* [Data below]
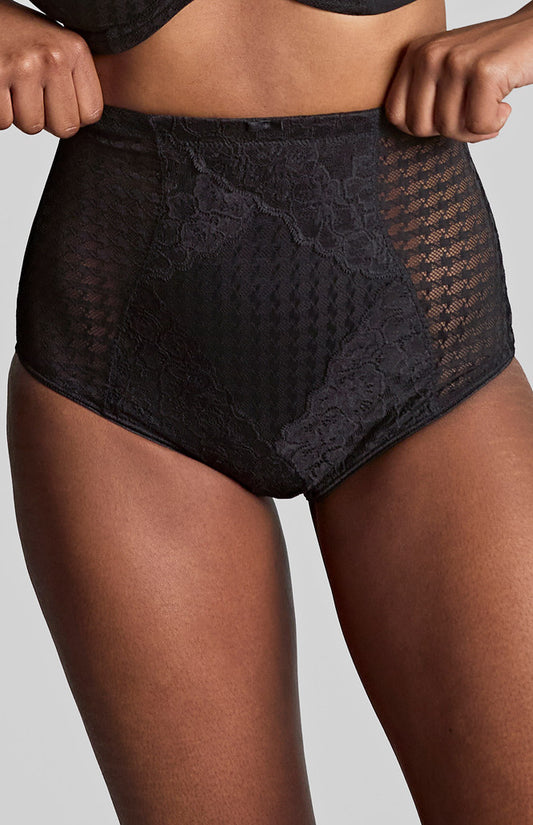 Panache Envy High Waist Brief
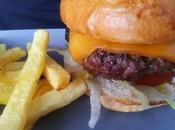 Vaca Picada Tablas Madrid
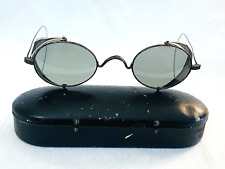 Vintage steampunk goggle for sale  Jupiter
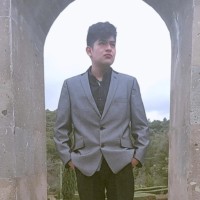 Felix Yael Guerrero Rendon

* [Directions] Your output should be the lines from the line containing "Vintage steampunk goggle" through the last line of the listing above, restated exactly, with no pictures among them.

* [Task output]
 Vintage steampunk goggle for sale  Jupiter
 Felix Yael Guerrero Rendon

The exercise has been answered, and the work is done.